Fino a prova contraria: Giurato Numero 2
Una prima inquadratura verso il titolo Giurato Numero 2, ultimo film di Clint Eastwood: l’immagine di una dea bendata che sorregge una bilancia, un primo stacco e compare una giovane ragazza incinta, anche lei è bendata, che si muove in una stanza immacolata arredata per accogliere il figlio in arrivo di lei e Justin (un sempre più bravo Nicholas Hoult), il protagonista della storia, felice di poter stare insieme a lei, se non fosse che la giornata sarà più lunga del previsto.
Il fatto è questo: Justin deve prestare (molto svogliatamente) servizio come giurato numero 2 per un caso di omicidio in cui l’imputato pare, per l’avvocato della causa, interpretata da Toni Colette, facilmente inquadrabile nell’unico responsabile possibile per la tragica scomparsa della sua compagna. La giustizia è cieca, come recita il mantra promozionale del film, e la colpa vede tutto. Le verità nascoste vengono ben presto a galla nei primi minuti: alla prima udienza la ricostruzione dell’omicidio risveglia in Justin il ricordo di quella sera, anche lui nello stesso pub con la vittima e il presunto colpevole a qualche tavolo di distanza, uno sfogo trattenuto dal rischio di compromettere la sobrietà da un passato di dipendenza, poi una fuga nella pioggia e un’ammaccatura imprevista alla macchina coincide con lo stesso luogo in cui è stato rinvenuto il corpo della giovane donna. L’altro fatto è questo: Justin è il vero colpevole ma non vuole che la colpa ricada su un’innocente.
E’ quantomai perfido e avvincente il congegno narrativo affidato alle mani dello sceneggiatore Jonathan Abrahms. La premessa scatenante apre ad un continuo gioco di ribaltamenti di prospettiva, davanti ai quali le reazioni umane dei personaggi offrono allo sguardo di Eastwood una nuova e raffinata indagine, morale e politica, sulla società statunitense. Difficile non pensare al capolavoro La parola ai giurati di Sidney Lumet durante la prima seduta della giuria: una tassonomia di volti americani che abbiamo conosciuto con il carico informativo sufficiente al giudice per accettarne l’ammissione in aula, nonostante tutti nascondano qualcosa oltre alla verità sempre più ingestibile per Justin. E poi c’è, ovviamente, tutto il cinema di Eastwood, che questo Giurato Numero 2 racchiude e rilancia di continuo, ripassando da uno dei meno noti e citati titoli della sua filmografia, lo strepitoso Fino a prova contraria. Anche in questo film nulla è mai dato per scontato, perché alla banalità si reagisce con la complessità umana, come una chimica morale (e non moralista) pronta a scoperchiare i nervi di una società americana impegnata a spuntare la propria agenda ideologica a costo di ignorare l’evidenza e ottenere più consenso politico. In questo senso Toni Colette è il volto eastwoodiano perfetto per incorporare con maestria questa contraddizione nell’equazione umana del film. Non è da meno il resto del cast, a cui si aggiunge una breve parentesi fondamentale del giurato J.K. Simmons, attorno al quale Eastwood scolpisce addosso, ottenendo sempre il massimo dai suoi interpreti, un paesaggio umano di luci ed ombre, contraddizioni e colpi di scena che stratificano continuamente la consueta partitura visiva di un evento chiave della narrazione: l’incidente al pub su cui si scatena una violentissima pioggia notturna.

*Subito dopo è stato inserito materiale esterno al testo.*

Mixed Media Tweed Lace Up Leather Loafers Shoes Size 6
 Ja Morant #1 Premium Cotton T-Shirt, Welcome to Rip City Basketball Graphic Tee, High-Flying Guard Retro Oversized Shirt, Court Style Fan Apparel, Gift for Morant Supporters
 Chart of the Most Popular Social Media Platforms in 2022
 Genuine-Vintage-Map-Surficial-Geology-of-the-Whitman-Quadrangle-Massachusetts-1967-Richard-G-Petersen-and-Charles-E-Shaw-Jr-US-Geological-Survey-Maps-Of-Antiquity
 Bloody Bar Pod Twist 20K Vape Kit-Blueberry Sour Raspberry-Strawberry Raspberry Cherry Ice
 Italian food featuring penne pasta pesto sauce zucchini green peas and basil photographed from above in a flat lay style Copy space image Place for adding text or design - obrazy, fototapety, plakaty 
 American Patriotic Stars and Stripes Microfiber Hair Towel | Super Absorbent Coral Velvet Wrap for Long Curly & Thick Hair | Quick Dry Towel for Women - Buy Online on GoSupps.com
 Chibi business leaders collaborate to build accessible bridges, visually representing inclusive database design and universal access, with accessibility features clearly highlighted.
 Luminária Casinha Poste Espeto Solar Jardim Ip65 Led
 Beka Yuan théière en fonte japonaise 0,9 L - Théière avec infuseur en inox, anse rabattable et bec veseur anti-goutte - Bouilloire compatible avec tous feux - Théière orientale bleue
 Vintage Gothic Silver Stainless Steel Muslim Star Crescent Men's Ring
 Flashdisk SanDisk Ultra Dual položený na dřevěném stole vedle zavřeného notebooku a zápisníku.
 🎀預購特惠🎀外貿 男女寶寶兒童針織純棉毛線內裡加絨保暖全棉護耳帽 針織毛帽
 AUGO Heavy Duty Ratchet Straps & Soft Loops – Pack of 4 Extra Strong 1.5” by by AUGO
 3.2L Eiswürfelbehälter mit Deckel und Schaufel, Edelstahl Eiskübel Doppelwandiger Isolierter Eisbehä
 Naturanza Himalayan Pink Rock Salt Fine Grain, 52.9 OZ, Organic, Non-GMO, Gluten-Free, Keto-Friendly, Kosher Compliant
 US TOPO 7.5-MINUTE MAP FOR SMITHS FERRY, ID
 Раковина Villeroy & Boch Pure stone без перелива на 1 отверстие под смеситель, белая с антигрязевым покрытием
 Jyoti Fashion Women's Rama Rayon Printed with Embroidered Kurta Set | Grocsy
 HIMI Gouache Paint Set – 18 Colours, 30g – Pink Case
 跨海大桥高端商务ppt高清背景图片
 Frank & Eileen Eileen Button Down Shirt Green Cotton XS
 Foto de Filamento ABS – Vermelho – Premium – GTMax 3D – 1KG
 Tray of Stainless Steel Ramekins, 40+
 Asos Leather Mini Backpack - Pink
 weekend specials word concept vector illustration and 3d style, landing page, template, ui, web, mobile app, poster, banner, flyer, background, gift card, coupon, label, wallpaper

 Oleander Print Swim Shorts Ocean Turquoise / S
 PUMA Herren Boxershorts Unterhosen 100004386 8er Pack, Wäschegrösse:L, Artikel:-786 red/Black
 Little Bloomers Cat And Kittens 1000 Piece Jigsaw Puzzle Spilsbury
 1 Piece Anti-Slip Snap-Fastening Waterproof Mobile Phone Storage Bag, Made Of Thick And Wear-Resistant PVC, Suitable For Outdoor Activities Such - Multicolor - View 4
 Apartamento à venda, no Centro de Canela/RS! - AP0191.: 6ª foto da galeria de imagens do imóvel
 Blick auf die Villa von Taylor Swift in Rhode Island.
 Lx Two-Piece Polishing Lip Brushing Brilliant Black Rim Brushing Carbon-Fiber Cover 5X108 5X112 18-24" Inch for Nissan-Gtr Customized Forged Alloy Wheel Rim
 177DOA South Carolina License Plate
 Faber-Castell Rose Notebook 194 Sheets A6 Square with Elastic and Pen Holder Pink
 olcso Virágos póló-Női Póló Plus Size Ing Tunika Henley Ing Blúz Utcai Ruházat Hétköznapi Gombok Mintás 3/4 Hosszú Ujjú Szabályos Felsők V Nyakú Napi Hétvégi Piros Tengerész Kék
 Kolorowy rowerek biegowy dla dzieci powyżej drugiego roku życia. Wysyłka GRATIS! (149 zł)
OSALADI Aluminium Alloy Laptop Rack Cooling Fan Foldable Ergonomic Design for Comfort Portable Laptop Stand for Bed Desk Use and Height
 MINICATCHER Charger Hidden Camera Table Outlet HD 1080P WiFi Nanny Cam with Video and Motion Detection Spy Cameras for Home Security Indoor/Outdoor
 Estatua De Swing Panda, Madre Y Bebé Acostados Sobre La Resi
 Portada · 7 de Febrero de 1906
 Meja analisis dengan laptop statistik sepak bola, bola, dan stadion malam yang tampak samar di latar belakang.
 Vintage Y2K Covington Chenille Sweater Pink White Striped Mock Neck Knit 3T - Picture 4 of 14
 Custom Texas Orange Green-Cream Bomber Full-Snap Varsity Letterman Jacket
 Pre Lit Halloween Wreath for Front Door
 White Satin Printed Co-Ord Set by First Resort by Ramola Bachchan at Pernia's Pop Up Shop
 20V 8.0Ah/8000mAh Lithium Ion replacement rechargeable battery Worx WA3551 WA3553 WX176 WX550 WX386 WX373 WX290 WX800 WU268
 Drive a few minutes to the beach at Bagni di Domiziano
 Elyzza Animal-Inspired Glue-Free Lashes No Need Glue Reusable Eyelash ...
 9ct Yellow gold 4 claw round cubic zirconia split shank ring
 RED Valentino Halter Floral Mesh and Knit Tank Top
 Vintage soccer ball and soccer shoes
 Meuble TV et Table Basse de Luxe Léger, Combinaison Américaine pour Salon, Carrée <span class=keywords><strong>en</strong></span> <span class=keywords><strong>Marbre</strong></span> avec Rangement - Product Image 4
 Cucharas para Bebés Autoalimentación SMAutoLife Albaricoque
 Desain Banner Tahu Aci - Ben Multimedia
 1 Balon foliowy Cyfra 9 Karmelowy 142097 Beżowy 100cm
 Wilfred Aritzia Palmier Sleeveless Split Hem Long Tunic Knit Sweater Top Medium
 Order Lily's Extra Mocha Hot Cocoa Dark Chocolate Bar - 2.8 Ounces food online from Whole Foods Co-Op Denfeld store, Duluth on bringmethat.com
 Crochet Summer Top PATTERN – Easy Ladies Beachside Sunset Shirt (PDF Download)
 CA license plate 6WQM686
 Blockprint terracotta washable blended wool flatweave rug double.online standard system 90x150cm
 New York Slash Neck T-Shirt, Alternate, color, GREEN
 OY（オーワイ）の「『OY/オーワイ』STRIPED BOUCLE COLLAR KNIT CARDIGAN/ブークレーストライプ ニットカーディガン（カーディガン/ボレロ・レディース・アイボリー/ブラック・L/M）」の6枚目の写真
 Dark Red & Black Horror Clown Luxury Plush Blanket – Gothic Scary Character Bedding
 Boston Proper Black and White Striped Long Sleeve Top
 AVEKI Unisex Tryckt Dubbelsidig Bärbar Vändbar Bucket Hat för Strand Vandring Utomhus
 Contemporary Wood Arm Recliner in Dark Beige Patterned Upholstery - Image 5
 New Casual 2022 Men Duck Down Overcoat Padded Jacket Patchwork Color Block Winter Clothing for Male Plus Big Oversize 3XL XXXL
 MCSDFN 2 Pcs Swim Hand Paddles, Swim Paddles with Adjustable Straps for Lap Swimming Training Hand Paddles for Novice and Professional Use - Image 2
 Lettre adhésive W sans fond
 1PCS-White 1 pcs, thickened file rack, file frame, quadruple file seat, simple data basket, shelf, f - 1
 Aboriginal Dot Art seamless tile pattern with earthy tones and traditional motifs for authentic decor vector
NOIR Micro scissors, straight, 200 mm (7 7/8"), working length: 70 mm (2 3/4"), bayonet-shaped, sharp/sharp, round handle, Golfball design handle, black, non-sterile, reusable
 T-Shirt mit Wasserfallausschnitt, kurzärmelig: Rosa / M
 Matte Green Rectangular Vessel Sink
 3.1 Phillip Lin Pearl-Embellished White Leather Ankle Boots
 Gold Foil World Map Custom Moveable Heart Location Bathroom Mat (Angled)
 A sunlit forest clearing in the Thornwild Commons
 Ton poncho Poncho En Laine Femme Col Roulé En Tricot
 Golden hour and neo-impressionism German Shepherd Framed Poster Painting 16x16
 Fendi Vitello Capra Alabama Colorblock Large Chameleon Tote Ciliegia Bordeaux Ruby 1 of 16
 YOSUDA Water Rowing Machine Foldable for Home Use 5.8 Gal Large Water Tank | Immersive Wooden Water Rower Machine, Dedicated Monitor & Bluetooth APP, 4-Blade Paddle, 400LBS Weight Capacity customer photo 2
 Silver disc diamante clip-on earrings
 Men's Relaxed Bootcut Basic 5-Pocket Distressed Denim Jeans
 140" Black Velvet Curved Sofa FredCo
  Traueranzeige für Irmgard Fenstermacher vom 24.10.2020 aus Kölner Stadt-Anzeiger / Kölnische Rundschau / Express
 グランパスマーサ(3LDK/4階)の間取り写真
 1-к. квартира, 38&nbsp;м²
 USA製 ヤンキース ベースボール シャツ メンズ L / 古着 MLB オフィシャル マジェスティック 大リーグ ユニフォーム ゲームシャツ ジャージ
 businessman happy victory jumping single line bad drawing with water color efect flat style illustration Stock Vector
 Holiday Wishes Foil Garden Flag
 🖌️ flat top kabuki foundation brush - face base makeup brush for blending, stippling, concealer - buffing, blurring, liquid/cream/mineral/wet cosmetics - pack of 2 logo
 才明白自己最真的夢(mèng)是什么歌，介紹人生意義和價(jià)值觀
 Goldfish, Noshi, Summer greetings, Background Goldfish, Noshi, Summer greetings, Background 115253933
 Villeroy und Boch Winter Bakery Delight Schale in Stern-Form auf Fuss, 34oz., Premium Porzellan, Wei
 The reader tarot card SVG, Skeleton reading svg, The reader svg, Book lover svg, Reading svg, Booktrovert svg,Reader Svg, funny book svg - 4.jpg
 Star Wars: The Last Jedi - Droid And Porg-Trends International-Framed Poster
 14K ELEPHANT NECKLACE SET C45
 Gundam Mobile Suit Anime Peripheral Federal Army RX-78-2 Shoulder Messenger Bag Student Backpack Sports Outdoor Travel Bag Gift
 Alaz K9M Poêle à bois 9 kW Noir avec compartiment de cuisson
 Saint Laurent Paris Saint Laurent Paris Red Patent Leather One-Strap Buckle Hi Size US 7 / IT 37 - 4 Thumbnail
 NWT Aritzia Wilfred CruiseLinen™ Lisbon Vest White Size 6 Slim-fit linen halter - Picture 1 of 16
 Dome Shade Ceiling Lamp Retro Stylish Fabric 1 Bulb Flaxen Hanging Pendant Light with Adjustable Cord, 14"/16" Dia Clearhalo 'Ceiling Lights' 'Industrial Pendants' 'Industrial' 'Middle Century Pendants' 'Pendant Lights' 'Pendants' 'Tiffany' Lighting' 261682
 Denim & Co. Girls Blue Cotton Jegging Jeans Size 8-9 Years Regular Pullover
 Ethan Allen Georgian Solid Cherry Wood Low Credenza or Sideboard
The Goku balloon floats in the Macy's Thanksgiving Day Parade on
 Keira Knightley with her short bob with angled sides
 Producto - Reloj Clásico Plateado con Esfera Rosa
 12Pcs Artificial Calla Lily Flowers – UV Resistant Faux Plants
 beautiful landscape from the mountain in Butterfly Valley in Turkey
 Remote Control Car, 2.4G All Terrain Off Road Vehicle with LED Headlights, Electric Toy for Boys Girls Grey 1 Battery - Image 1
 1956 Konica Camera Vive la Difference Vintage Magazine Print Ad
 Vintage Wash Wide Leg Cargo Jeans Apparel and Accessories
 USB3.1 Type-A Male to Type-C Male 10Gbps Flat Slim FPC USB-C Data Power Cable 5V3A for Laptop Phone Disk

Giurato Numero 2 non ha niente da dimostrare che non sappiamo già sulla poetica del suo regista, se non il record invidiabile di Eastwood di non smettere mai di raccontare per immagini anche alla veneranda età di 94 anni, e trovare l’ispirazione per realizzare un’opera ancora squisitamente classica e lucida. Un altro tassello di rilievo all’interno di una delle carriere cinematografiche più significanti del cinema statunitense dagli anni 70 ad oggi. Se il film precedente, più sgangherato e goffo, seppur adorabile, Cry Macho, era un ennesimo autoritratto senile della sua iconografia, commuove qui la scelta di farsi da parte come attore senza rinunciare alla profondità di sguardo e consegnare il gelido finale al momento di una nascita, forse il più stridente e adatto per parlare alle nuove generazioni (?). Un epilogo che fa rima con un’altra nascita, quella che chiude Megalopolis, l’opera “finale” di Francis Ford Coppola, regista simbolo della New Hollywood che non ha condiviso lo stesso fortunato (e più sicuro) destino produttivo del solitario Eastwood. Entrambi film che scandagliano, pur con registi completamente diversi, l’arrivo o il rinvio di una morte, di una colpa che vede tutto, della caduta di un impero e del suo sistema giudiziario (il “migliore” al mondo), prima di un’ultima schermata definitiva a nero.